Ghosts of Codebase Past, Present, and Future🎄- My Reflections of 2024
While some are rewatching Die Hard this festive season I’ve found myself reflecting on my career. It’s a Scrooge-style journey but instead of Tiny Tim I’m in a world of broken API, passive-aggressive PR comments and endless stand-ups.d
So let’s dive into my software development ghosts, Past, Present and Future and see what they’re teaching me about the world of software development.
Projects Past: Ego-Driven Development
The Ghost of Projects Past made me realize my ego doesn’t help in the world of software development.
I’ve realized that my superiority complex isn’t a flex, but it’s a bug. The Ghost of Codebase Past dragged me through memories of teams disrupted by my unyielding nitpicks and my belief that I was the only competent dev in the room. (Spoiler alert: I wasn’t.)
I’ve been that guy. Complaining about the code style of other developers and failing to give other people in the room space to grow. I’ve been part of a toxic feedback loop and prolonging a “me vs. them” mindset that improved the code quality at the expense of the team.
The Ghost made it clear: Being the smartest person in the room doesn’t matter if nobody wants to work with you.
Projects Present: The Plateau of Mediocrity
Enter the Ghost of Codebase Present, where I’ve replaced intensity with apathy.
It’s a shame, but I’ve leaned into low effort solutions and avoided rocking the boat (because the boat is already sinking. My productivity mantra became “just survive the sprint”.
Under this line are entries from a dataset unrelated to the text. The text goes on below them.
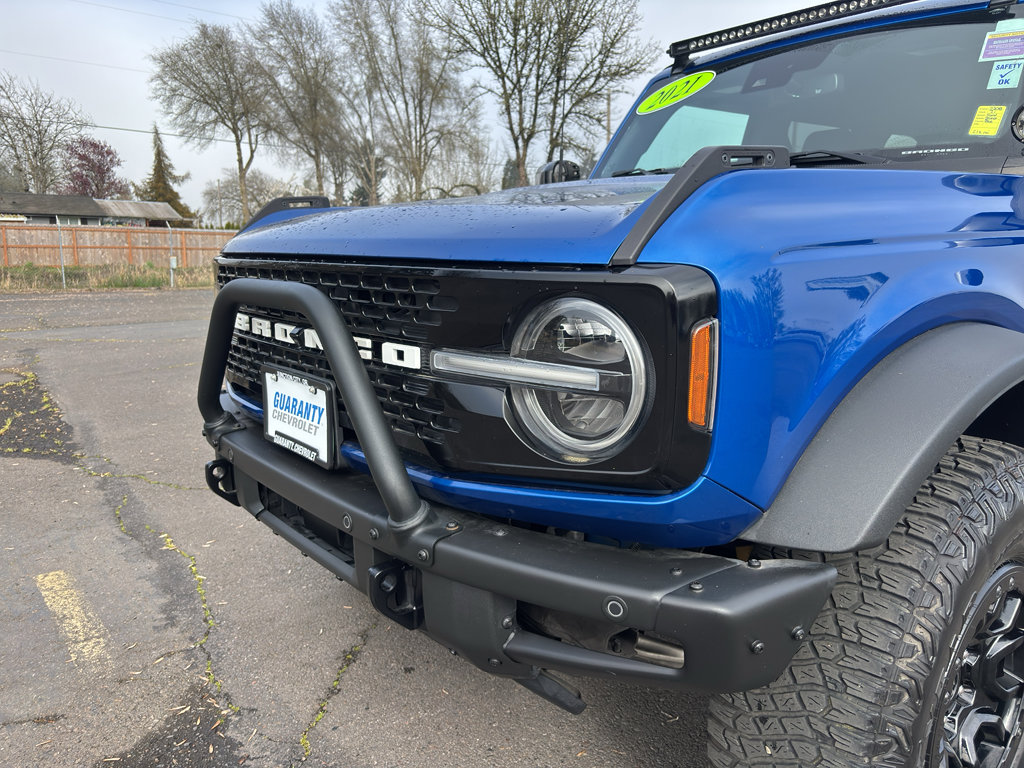 Used 2021 Ford Bronco First Edition image 5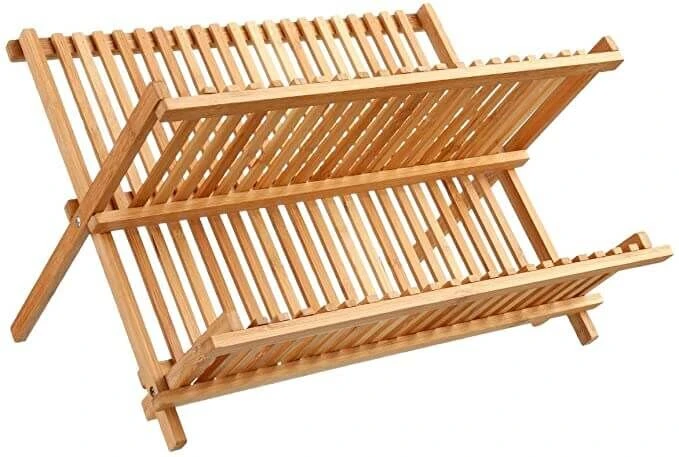 Point-Virgule Afdruiprek Uit Bamboe 42 X 33 X 26 Cm 4 Point-Virgule Afdruiprek Uit Bamboe 42 X 33 X 26 Cm - Afbeelding 2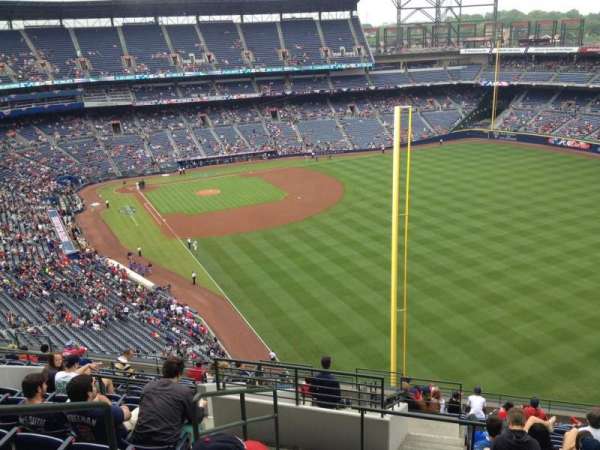 Turner Field, section: 429, row: 16, seat: 3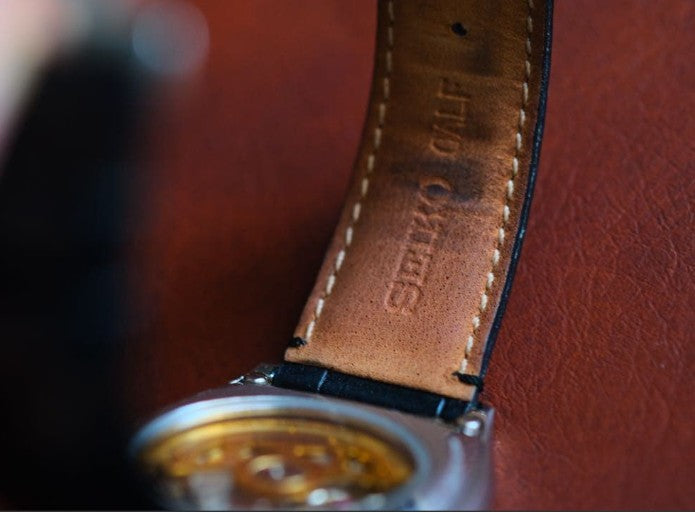 SEIKO PRESAGE BASIC LINE MECHANICAL SAPPHIRE GLASS MEN WATCH (DISCONTINUED) SARY113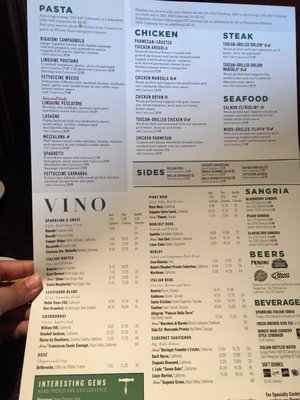 Menu photo 4 Carrabba's Italian Grill Germantown, MD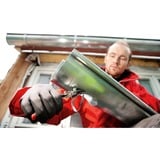 BESSEY Tijeras ideales, pequeñas y maniobrables D15A negro/Rojo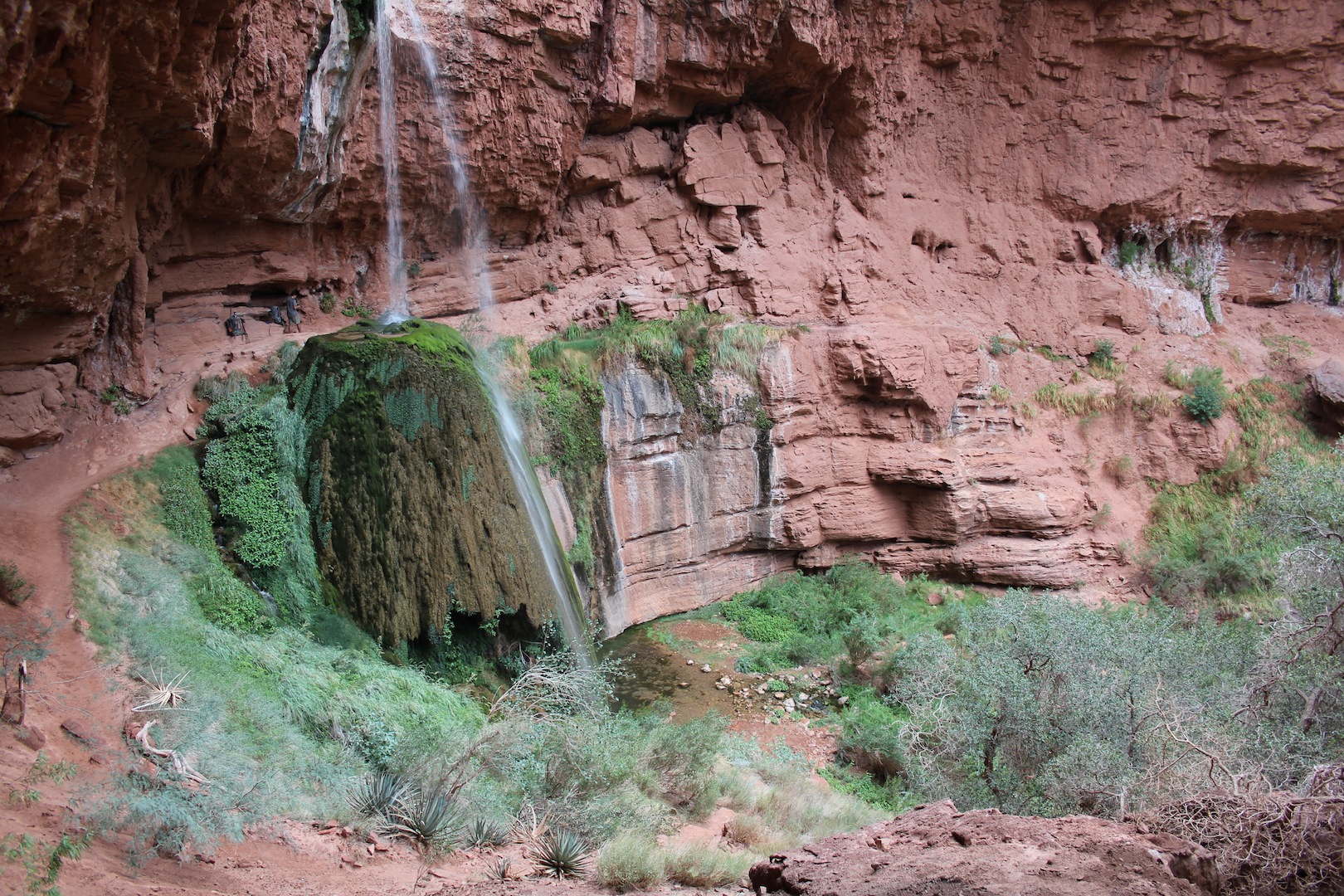 Phantom Ranch to Ribbon Falls via North Kaibab Trail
The ghost showed me that mediocrity isn’t neutral; it’s actively corrosive. The team stagnates, morale nosedives, and every small victory feels like a hollow win. Turns out, giving up isn’t saving my sanity; it’s just ensuring a future of regret.
Projects Future: Burnout on the Horizon
The Ghost of Codebase Futures visit was less a short print and more of waterfall disaster.
Picture this: a stressed-out Secret Developer, overworked dev juggling deadlines, PR reviews, and 50 Slack notifications while trying to “stay relevant” in an industry that demands constant reinvention. Without a change in the future, The Secret Developer seems assured to be one of the hardcore programmers killed by their environment. Looking after your physical and mental health is vital to staying in gainful employment.
The ghost was crystal clear: This trajectory ends with me out of the industry, blaming everyone but myself for a career that fizzled out. Without prioritizing well-being and reframing how I approach work, burnout won’t just knock on my door, it’ll move in rent-free.
The Plan
Here’s the twist. I don’t want to end up as that burned-out developer who is barely a shell of themselves.
Refactoring Productivity
Solving the problems that matter instead of cycling through “fake busy” tasks to look good.
Optimizing Health
Stepping away from the keyboard to focus on sleep, exercise, and actually sit properly on my chair. It needs to happen.
Conclusion
Will 2024 be the year I embrace my inner Bob Cratchit instead of my outer Ebenezer Scrooge?
I’d like to think so.
I do need to remember that change is incremental, and real progress — like a good refactor — takes time.
I just hope that in the next stand-up I can declare “God bless us, everyone!” rather than being that guy who pushes buggy code.